Blending LSTMs into CNNs
This work addresses the challenge of developing efficient and accurate speech recognition models for applications requiring real-time processing, though it is incremental as it builds on existing model compression techniques.
The paper tackled the problem of whether deep convolutional networks (CNNs) can match the accuracy of recurrent networks like LSTMs in automatic speech recognition, showing that a CNN with an image-inspired architecture outperformed previous models on the Switchboard task and further improved accuracy through model blending, achieving higher accuracy than any individual model with computational efficiency.

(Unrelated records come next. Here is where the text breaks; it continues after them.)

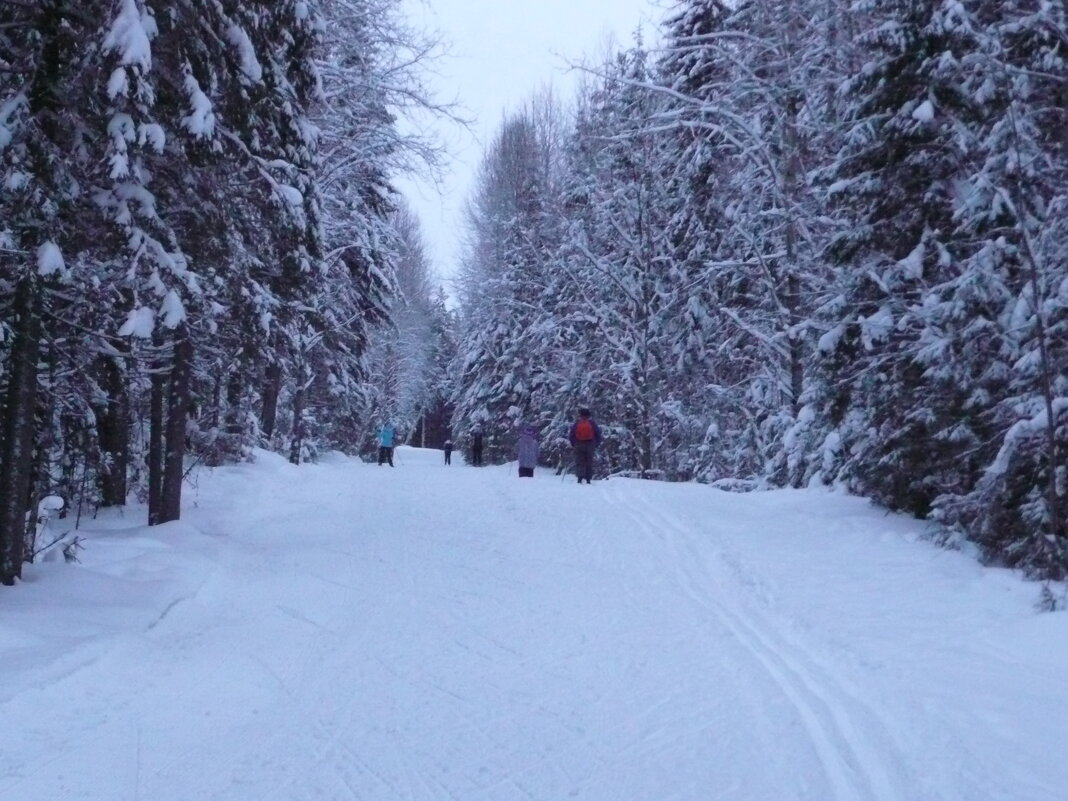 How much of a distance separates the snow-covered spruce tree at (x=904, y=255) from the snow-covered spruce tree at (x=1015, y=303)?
147mm

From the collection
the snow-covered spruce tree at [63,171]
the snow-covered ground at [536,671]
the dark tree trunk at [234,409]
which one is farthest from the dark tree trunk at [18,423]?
the dark tree trunk at [234,409]

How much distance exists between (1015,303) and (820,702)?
18.7ft

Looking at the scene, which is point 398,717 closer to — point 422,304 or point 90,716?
point 90,716

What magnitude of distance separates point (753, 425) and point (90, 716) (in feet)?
64.5

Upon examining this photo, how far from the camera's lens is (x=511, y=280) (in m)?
39.9

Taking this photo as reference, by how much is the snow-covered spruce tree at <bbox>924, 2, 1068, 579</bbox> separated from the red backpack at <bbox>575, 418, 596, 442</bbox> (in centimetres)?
1182

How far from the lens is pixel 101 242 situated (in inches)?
366

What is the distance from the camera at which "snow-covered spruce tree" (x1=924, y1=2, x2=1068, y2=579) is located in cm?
944

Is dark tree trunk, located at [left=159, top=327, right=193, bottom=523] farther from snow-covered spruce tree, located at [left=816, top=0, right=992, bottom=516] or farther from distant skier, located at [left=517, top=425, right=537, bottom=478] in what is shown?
distant skier, located at [left=517, top=425, right=537, bottom=478]

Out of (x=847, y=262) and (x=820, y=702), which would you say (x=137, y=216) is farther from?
(x=847, y=262)

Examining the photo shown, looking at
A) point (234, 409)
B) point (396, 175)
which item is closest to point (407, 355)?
point (234, 409)

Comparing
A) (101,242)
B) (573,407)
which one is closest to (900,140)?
(101,242)

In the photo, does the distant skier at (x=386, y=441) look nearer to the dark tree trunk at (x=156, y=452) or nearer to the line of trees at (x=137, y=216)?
the line of trees at (x=137, y=216)

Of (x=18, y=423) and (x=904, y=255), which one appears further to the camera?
(x=904, y=255) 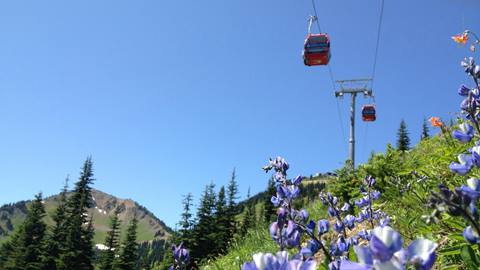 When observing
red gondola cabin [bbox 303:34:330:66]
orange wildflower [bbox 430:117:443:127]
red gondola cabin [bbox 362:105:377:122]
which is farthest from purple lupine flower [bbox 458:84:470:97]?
red gondola cabin [bbox 362:105:377:122]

We consider whether deep convolutional networks (CNNs) can represent decision functions with similar accuracy as recurrent networks such as LSTMs. First, we show that a deep CNN with an architecture inspired by the models recently introduced in image recognition can yield better accuracy than previous convolutional and LSTM networks on the standard 309h Switchboard automatic speech recognition task. Then we show that even more accurate CNNs can be trained under the guidance of LSTMs using a variant of model compression, which we call model blending because the teacher and student models are similar in complexity but different in inductive bias. Blending further improves the accuracy of our CNN, yielding a computationally efficient model of accuracy higher than any of the other individual models. Examining the effect of "dark knowledge" in this model compression task, we find that less than 1% of the highest probability labels are needed for accurate model compression.